Hace tiempo leí una de esas cosas a las que en un primer momento no le das gran importancia pero que con el tiempo acaba germinando y produciendo ciertas ideas afortunadas que amplían tu mundo, que te hacen alegrarte de haber dado con ella.
El parrafo era más o menos así: «en arameo, la lengua en que se escribió la biblia (una de ellas), no existe la noción de bien y mal. Es una lengua muy poética que usa en su lugar las palabras maduro e inmaduro». ¿No es algo sencillamente maravilloso?
De una forma más o menos manifiesta todos somos conscientes del poder de las palabras. Gran parte de nuestra realidad se crea con ellas; expresamos nuestro universo mental particular, recibimos informaciones y conocimientos de otras personas que nos enriquecen, influyen, contaminan…, y es que en la época de las fake news hemos recuperado esa conciencia de que, cuando nos enfrentamos a un mensaje, a un conjunto de palabras, debemos sacudirnos esa sensación de trivialidad, de indiferencia, y estar alerta ante algo que puede afectarnos hondamente.
Los griegos consideraban la palabra como un dios; algo poderoso con la capacidad de cambiar nuestro mundo. Y es que, por ejemplo, no se puede crear una casa sin haber verbalizado esa meta, aunque sea sólo para pedir ayuda. Tampoco ajustar el efecto deseado en la portada de una catedral, transmitir los conocimientos de la navegación de un barco o expresar lo que significa solidaridad.
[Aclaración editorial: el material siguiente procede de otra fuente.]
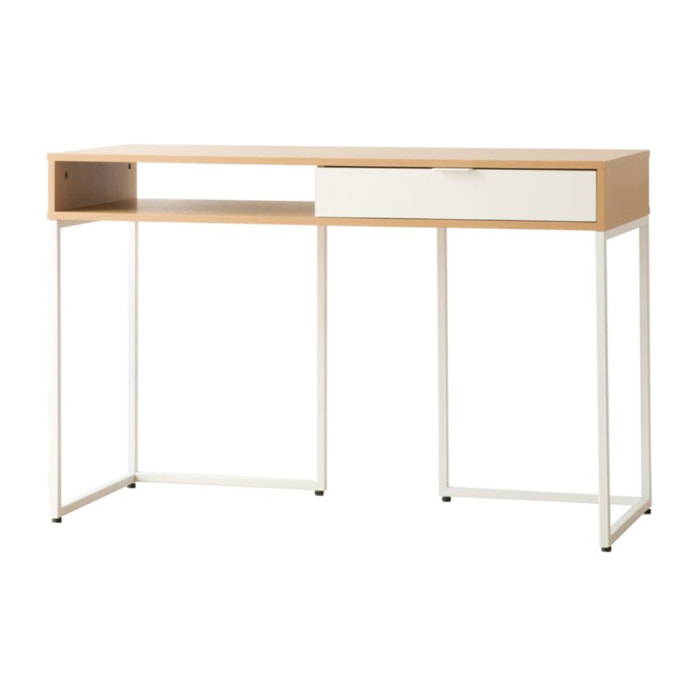 Bureau Gauguin -tableau technique stratifié-couleur chêne clair/blanc 120 x 78 x 50 cm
Estas herramientas maravillosas con las que se dota cada grupo humano, reflejan un paisaje natural y mental particular. Un entramado único en el tiempo y en el espacio. En el caso de los arameos quizá sugiera una visión cosmológica en la que el ser humano se encuentra en un continuo proceso de aprendizaje y mejora en el que alcanzar el objetivo final, la extensión de la compasión hacía las demás formas de vida, es sólo cuestión de tiempo. Simplemente necesitamos acompañar a esa semilla de perfección para que florezca plenamente.
Por contra, el concepto de bien y mal de la lengua hebrea remite a una visión maniqueísta del mundo. Una lucha continua entre opuestos irreconciliables, un paisaje hostil de zozobra, de riesgo continuo de caer en el pecado que lleva a la condenación eterna, el cual sólo se superará tras la apoteosis de ese enconado conflicto: el Juicio Final.

Así pues no hay que olvidar la enorme potencia que encierra una lengua, el mundo que nos permite dibujar y los mensajes de hondo calado que acumulan con el paso de los siglos, pero también las limitaciones que nos impone. Limitaciones que podemos diluir o de las que al menos podemos ser conscientes al acercarnos a otro idioma. Nuevas palabras y otra forma de ver el mundo.